One stop was next to the Arc de Triomphe du Caroussel near the Louvre.
The straight and historical axis as seen westwards from the centre of the Louis XIV equestrian statue in front of the Louvre. Through the middle arc one can see the centre of the big wheel and the obelisk at Place de la Concorde, and even farther away on the same axis the big Arc de Triomphe on Champs-Élysées, and even farther away La Grande Arche in La Défence.
Notre-Dame de Paris was another obvious stop.
This is the interior of the only church in Paris that wat not looted and desecrated during the revolutions. This treasure is inside the Congrégation de Saint-Ésprit in 30 Rue Lhomond.
Oh, it must be hard to be a porcupine or a thief wanting the climb this downspout.
This is the Cour du Commerce Saint André, an old lane with at least two places worth noting.
Firstly, this plaque commemorates that this was the dwelling and the workshop of the German harpsichord maker Tobias Schmidt. Well, never heard of that guy! – In April 1792 Mr. Schmidt manufactured a machine that soon was to become famous during the revolution and ever since: the Guillotine ! If you should like to read fascinating details about Schmidt and his machine, click here.
Secondly, and neighbouring the guillotine man, is the world's oldest café: Le Procope. Since 1686 this place has served good and strong coffee, – and during the late 1780s it was also the preferred meeting place for key persons who was contemplating how to stage the revolution.
Maximilien Robespierre, the ardent revolutionary and "terror-monger", was among them.
The Café Procope plaque text translates to: "Café Procope. Here founded Procopio dei Coltelli in 1686 the oldest coffee house in the world and the most famous centre of the literary and philosophic life of the 18th and 19th centuries. It was frequented by La Fontaine, Voltaire and the Encyclopedists: Benjamin Franklin, Danton, Marat, Robespierre, Napoleon Bonaparte, Balzac, Victor Hugo, Gambetta, Verlaine and Anatole France." – Voila, everybody and his brother have been plotting here! Napoleon even left his hat here when he couldn't pay for his coffee.

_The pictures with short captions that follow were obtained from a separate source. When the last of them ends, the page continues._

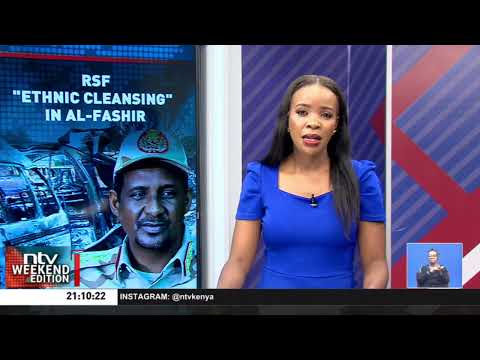 Sudan: scores killed during RSF's recent capture of the city of El-Fasher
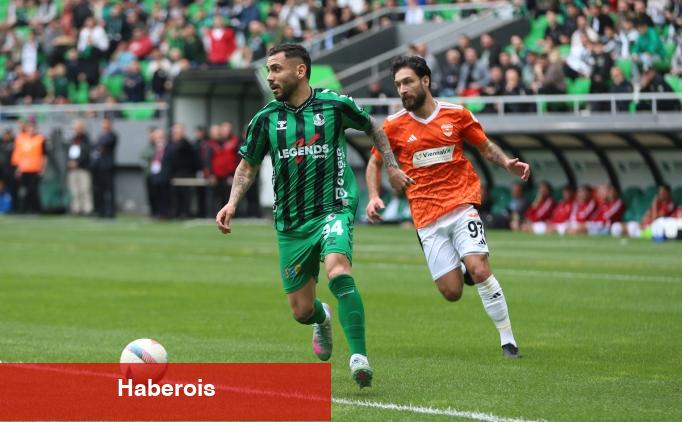 Sakaryaspor, Adanaspor'u iki golle geçti - Haberois Sakaryaspor, Adanaspor'u iki golle geçti
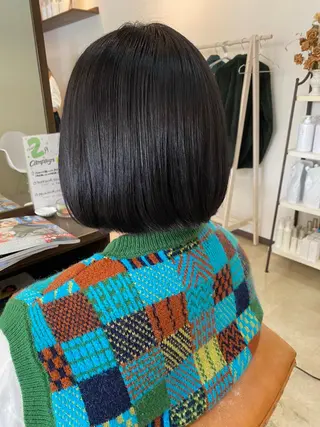 ミディアム Mintleaf🌿 akihoのヘアスタイル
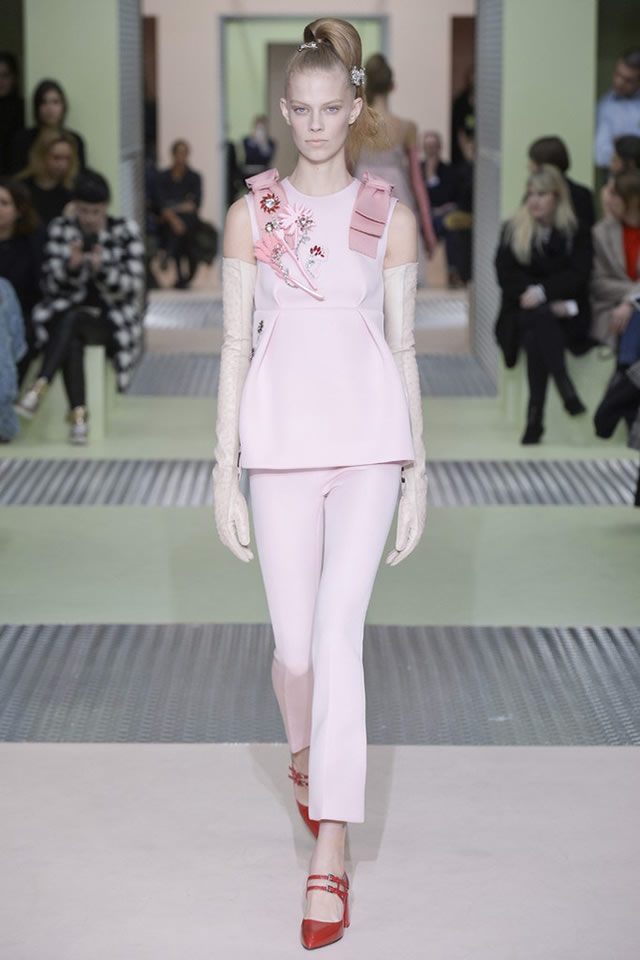 RTW fall 2015 Prada Collection
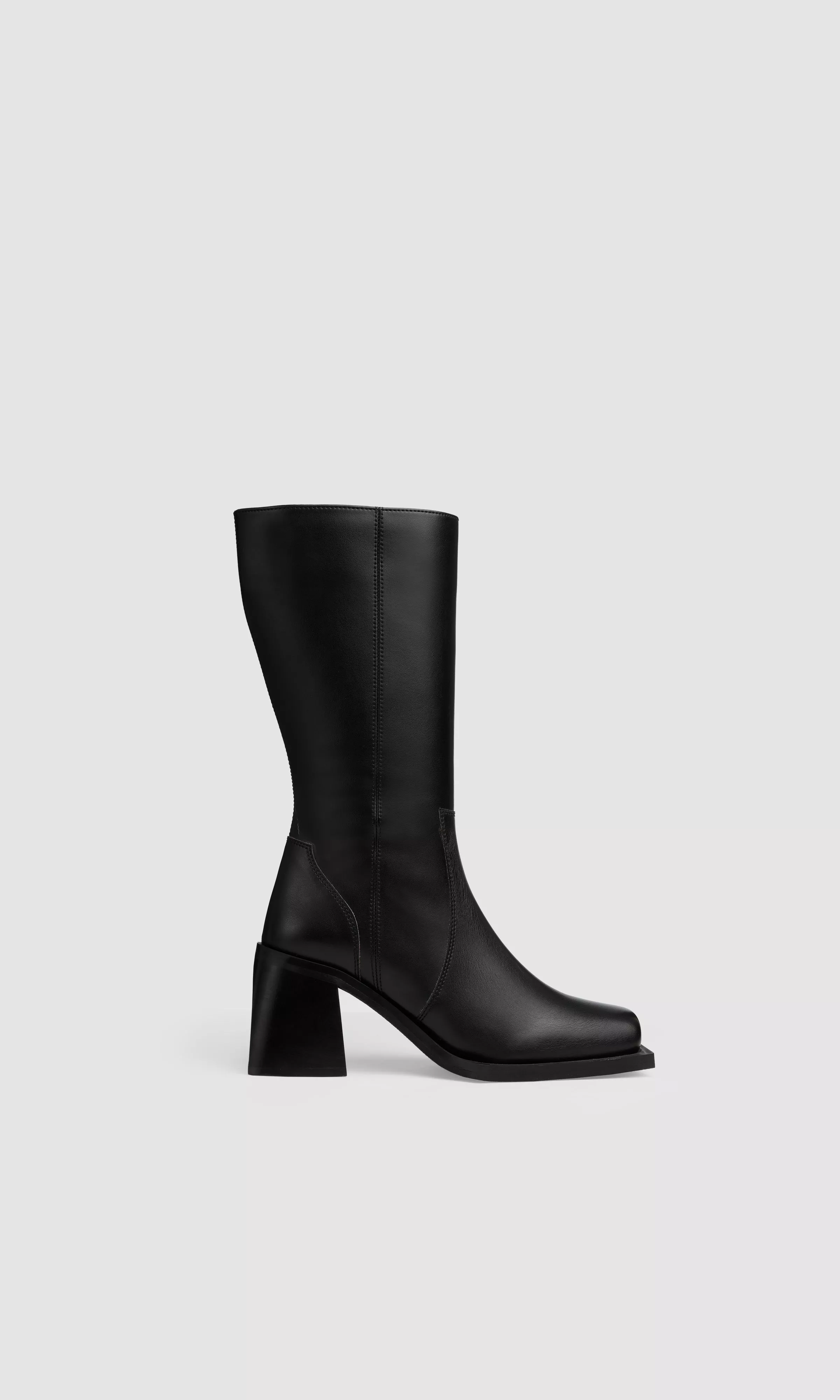 Prev Boots Karel X Plus Black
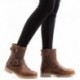 STIEFEL PANAMA JACK FELINA IGLOO CUERO_B28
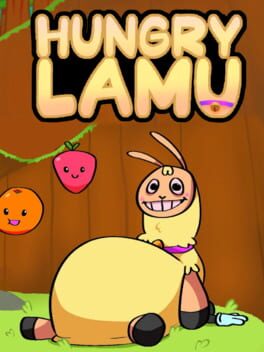 Cover Hungry Lamu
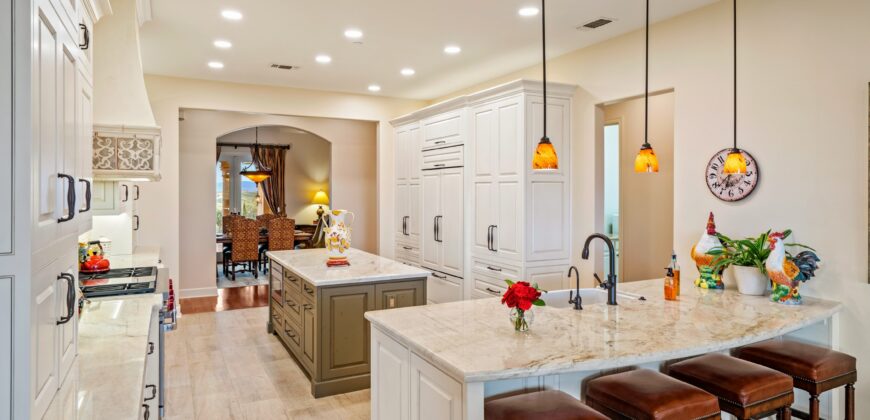Paso Robles Luxury Home For Sale w/ Guest House & Olive Grove – SOLD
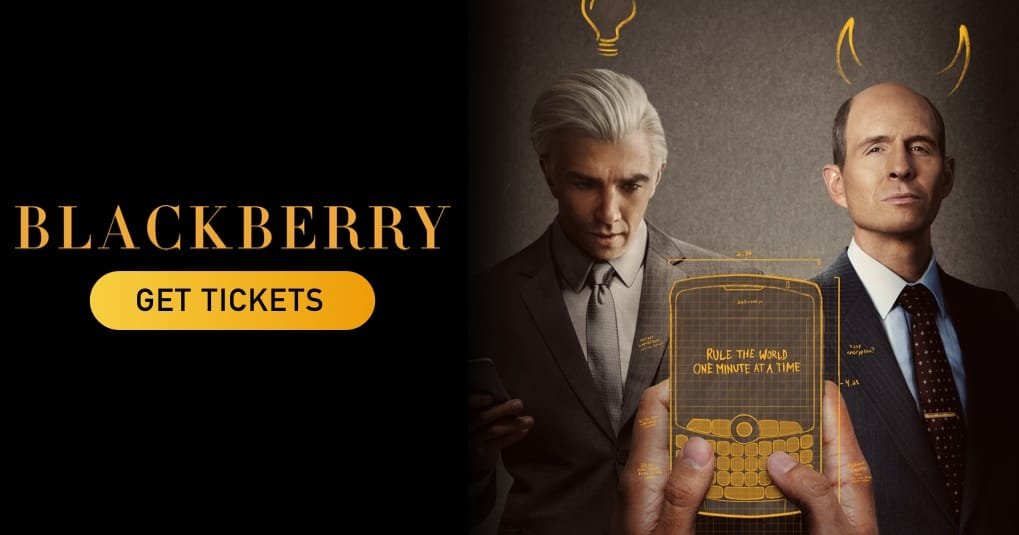 BlackBerry ֆիլմ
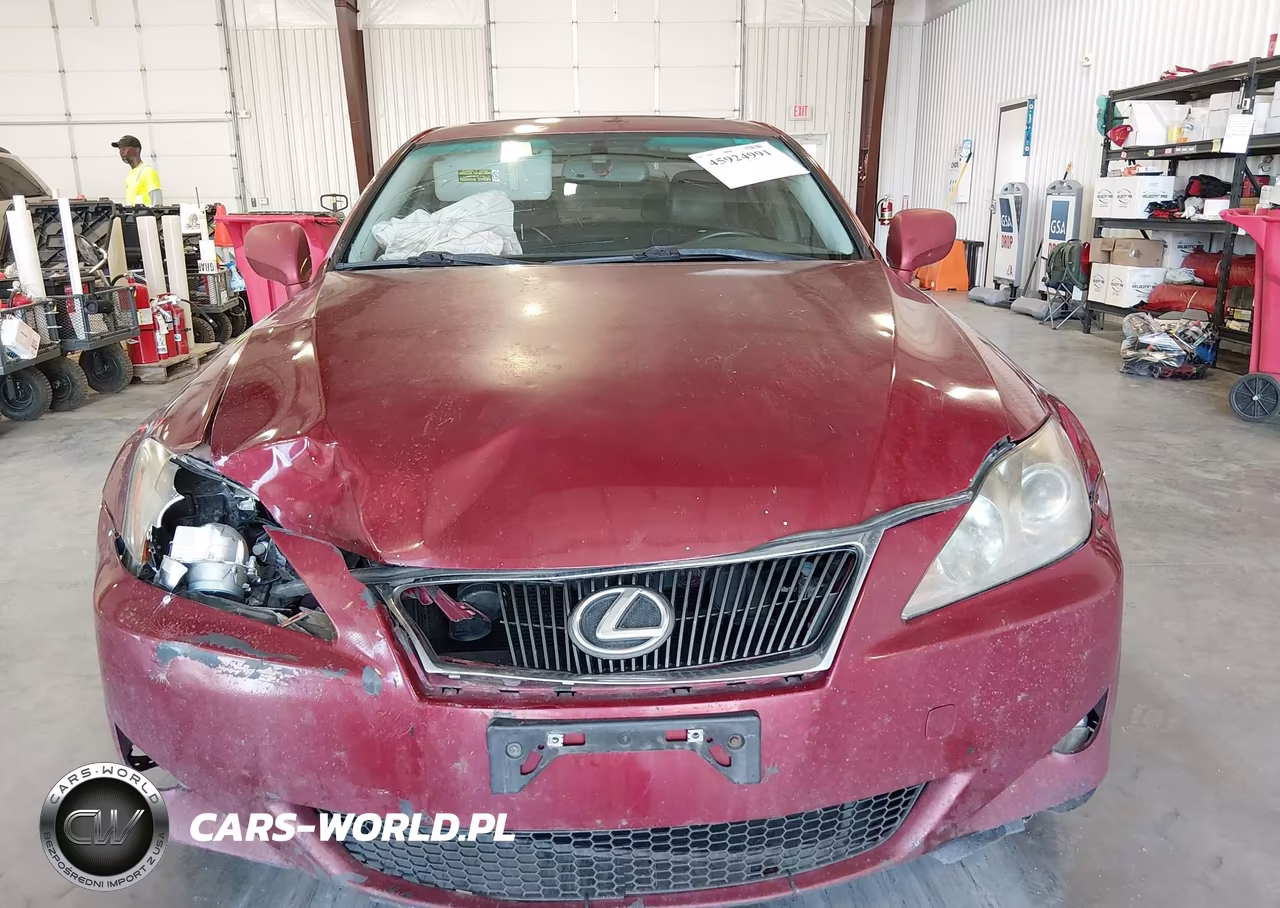 2006 Lexus Is 250 VIN:JTHBK262662010793 - 13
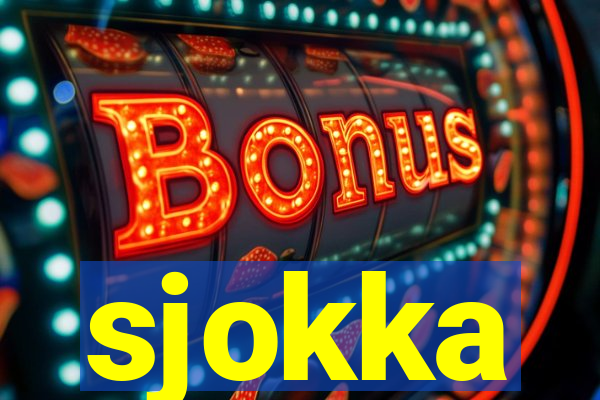 sjokka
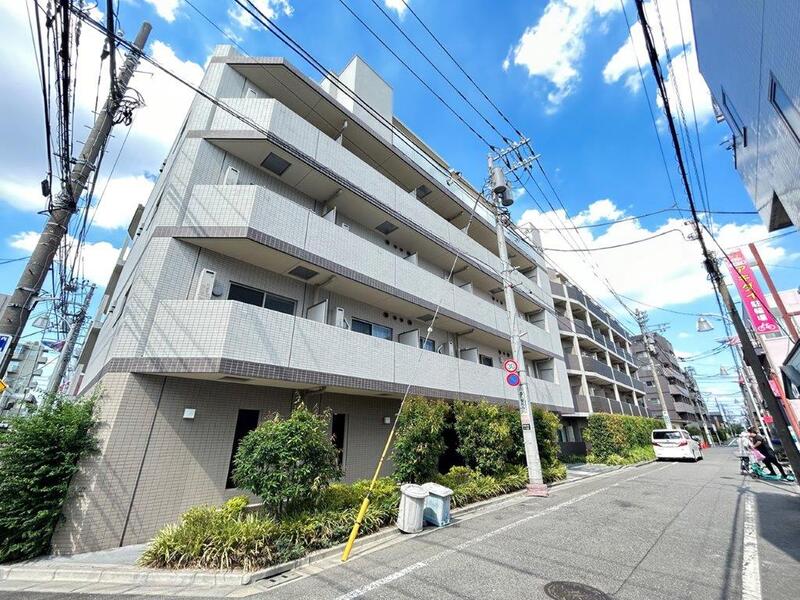 プライマル武蔵関 0110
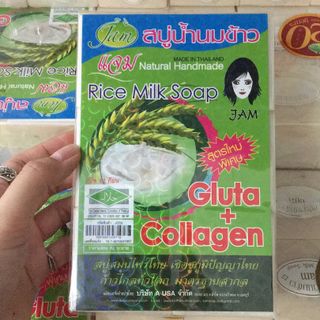 Xà bông cám gạo Thái Lan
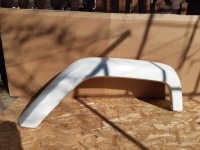 фото thumb №1, Jeep wrangler jk накладка крыла заднего org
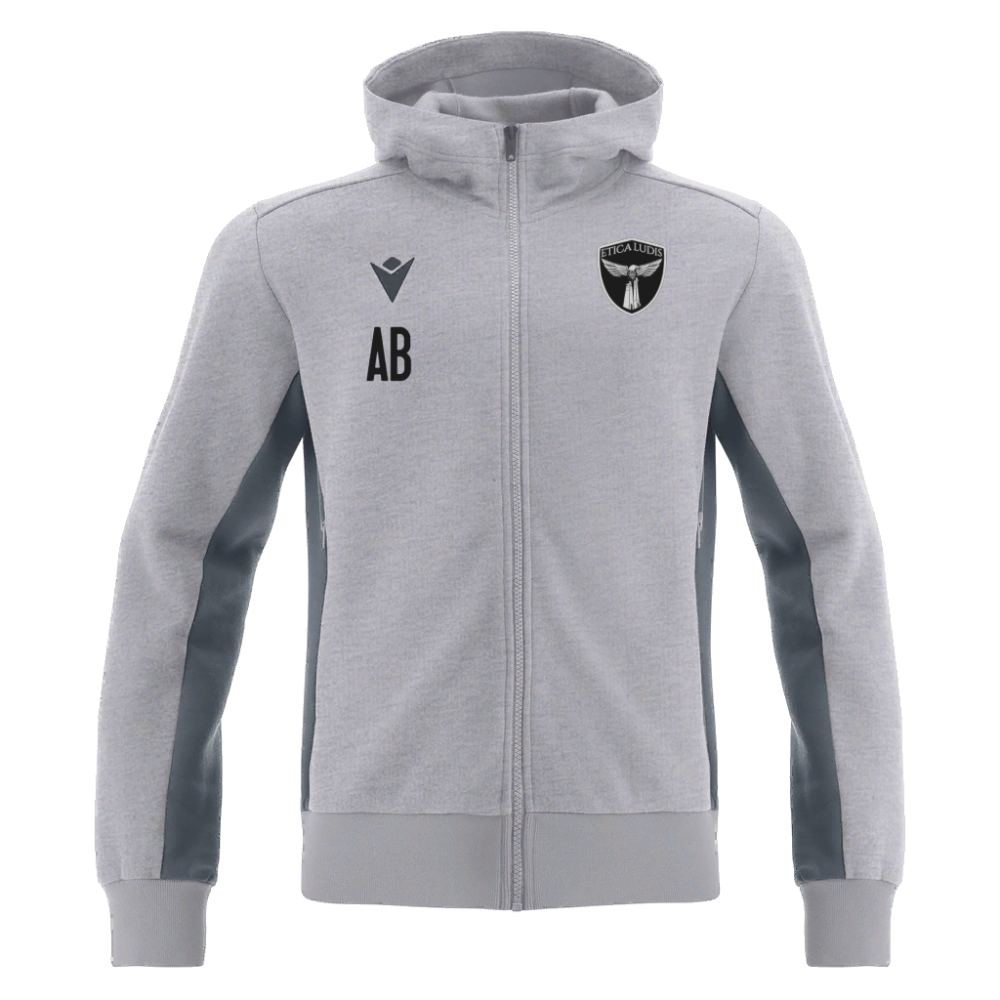Macron Felpa full zip trumpet | Immagine 1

Well, after some hours' biking the streets of sunny and beautiful Paris we parked the bicycles and took the Metro to a gem of a public park in the northeast of Paris.
Parc des Buttes-Chaumont is Paris' largest park but largely unknown to tourists. It was thoroughly landscaped when created 150 years ago. It has a small mountain, two bridges, a lake, a river, a waterfall, a quarry, and multitudes of exotic trees. Today was pique-nique day for the Parisians and the park was full of locals celebrating the nice spring weather and the May Day.
We had our lunch too and enjoyed the relaxed ambience amongst the locals. Before heading home we ascended to the top of the "mountain", viewed the view, –
– crossed the bridge, and grabbed the nearest Metro.